* _EXERCISE GOAL_: In the data below, set down exactly the lines from the one containing "Stars & Stripes Wood Sign" up to and including the one containing "Tahari Knit Beach Cover Up in White". Leave the pictures out.

(TASK DATA Opens)

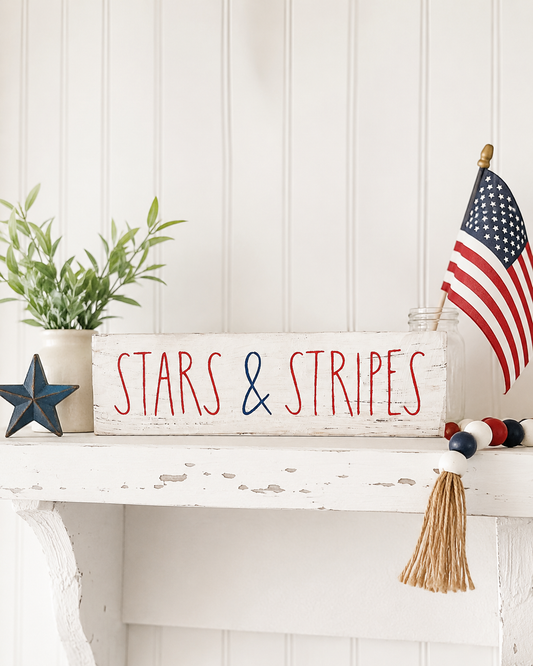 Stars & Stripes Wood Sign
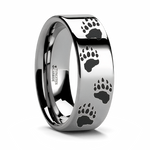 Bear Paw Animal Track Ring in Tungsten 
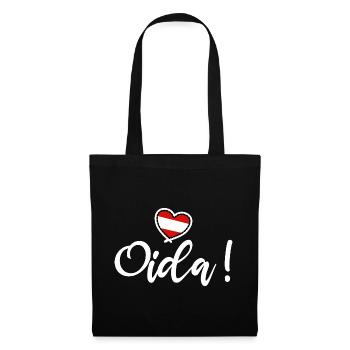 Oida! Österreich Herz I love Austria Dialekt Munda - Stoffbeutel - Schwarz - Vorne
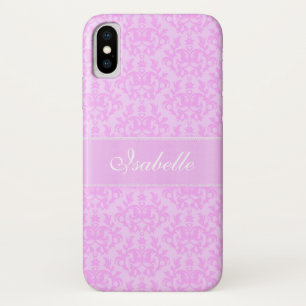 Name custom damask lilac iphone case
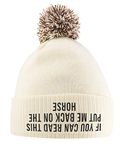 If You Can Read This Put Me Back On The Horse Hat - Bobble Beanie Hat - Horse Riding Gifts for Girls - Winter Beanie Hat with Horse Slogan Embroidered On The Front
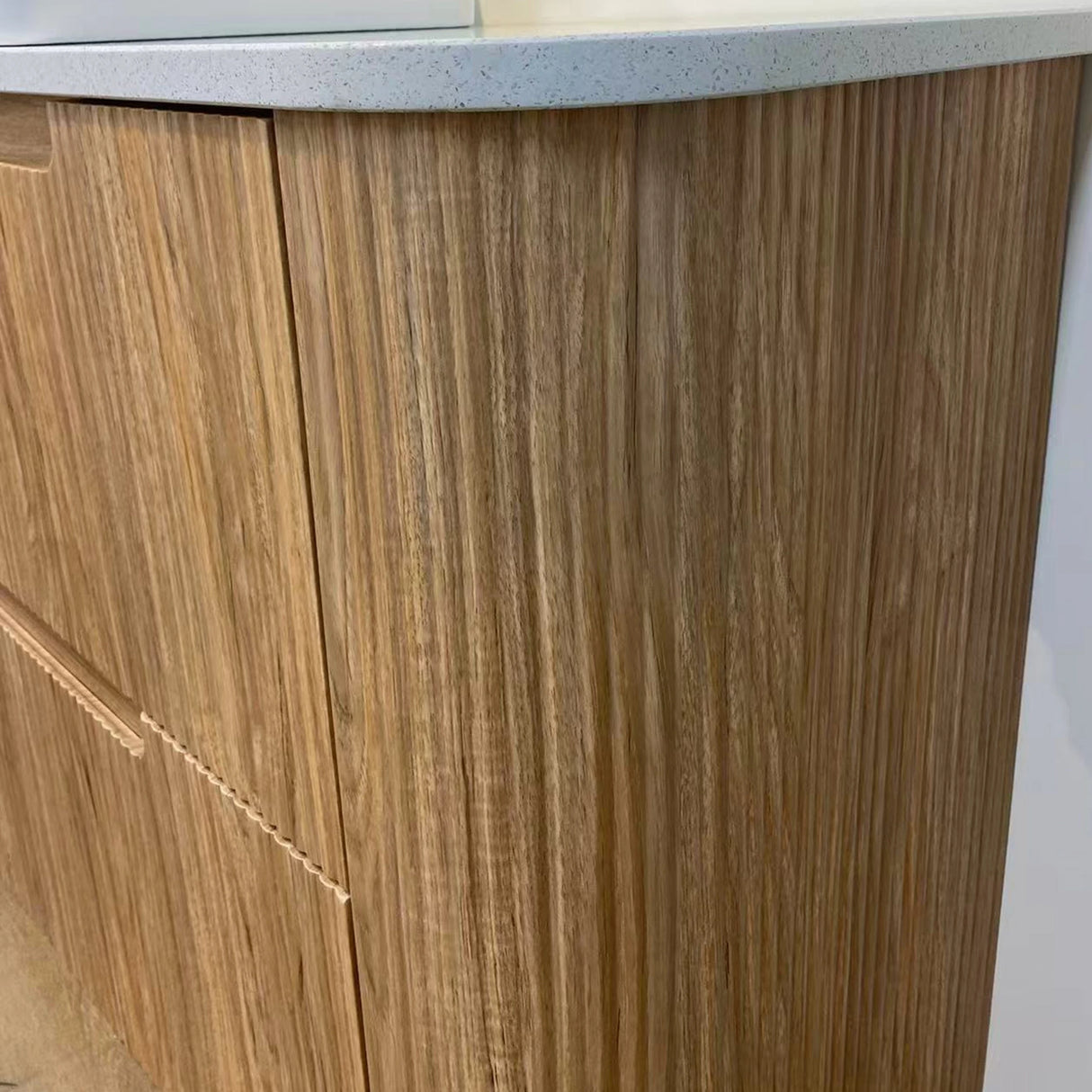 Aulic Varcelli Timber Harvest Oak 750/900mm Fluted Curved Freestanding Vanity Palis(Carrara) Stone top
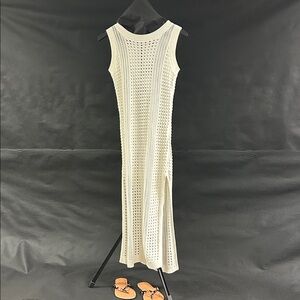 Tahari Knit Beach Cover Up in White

(TASK DATA Closes)
(TASK DATA Opens)

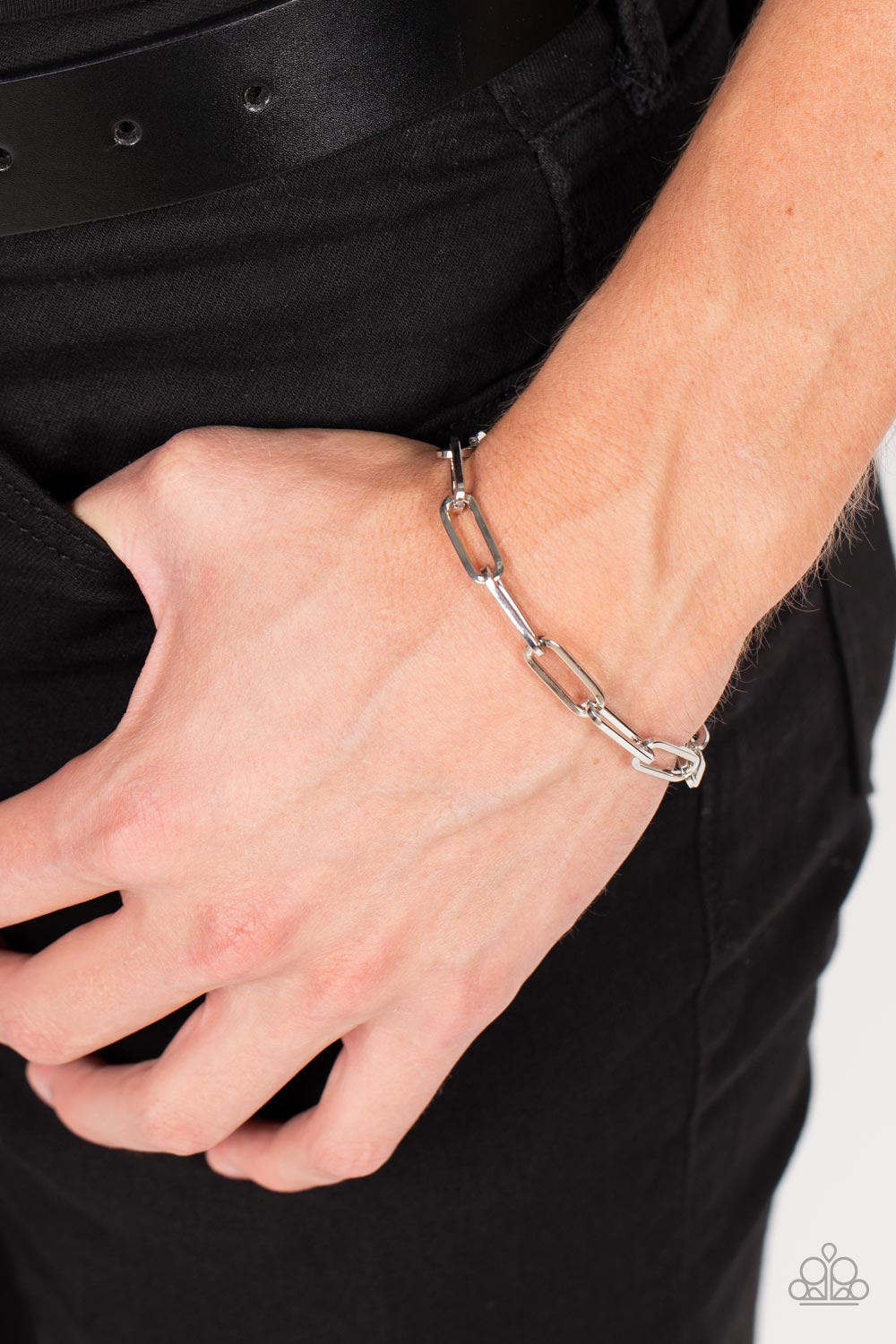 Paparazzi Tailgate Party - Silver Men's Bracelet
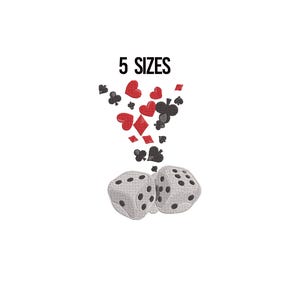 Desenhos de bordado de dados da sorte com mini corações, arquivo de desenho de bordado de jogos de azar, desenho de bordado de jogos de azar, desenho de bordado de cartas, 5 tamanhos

(TASK DATA Closes)
(TASK DATA Opens)

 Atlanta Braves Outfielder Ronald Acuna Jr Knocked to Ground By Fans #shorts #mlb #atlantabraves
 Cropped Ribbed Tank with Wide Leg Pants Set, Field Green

(TASK DATA Closes)

* _TASK RESPONSE_:
 Stars & Stripes Wood Sign
 Bear Paw Animal Track Ring in Tungsten 
 Oida! Österreich Herz I love Austria Dialekt Munda - Stoffbeutel - Schwarz - Vorne
 Name custom damask lilac iphone case
 If You Can Read This Put Me Back On The Horse Hat - Bobble Beanie Hat - Horse Riding Gifts for Girls - Winter Beanie Hat with Horse Slogan Embroidered On The Front
 Aulic Varcelli Timber Harvest Oak 750/900mm Fluted Curved Freestanding Vanity Palis(Carrara) Stone top
 Tahari Knit Beach Cover Up in White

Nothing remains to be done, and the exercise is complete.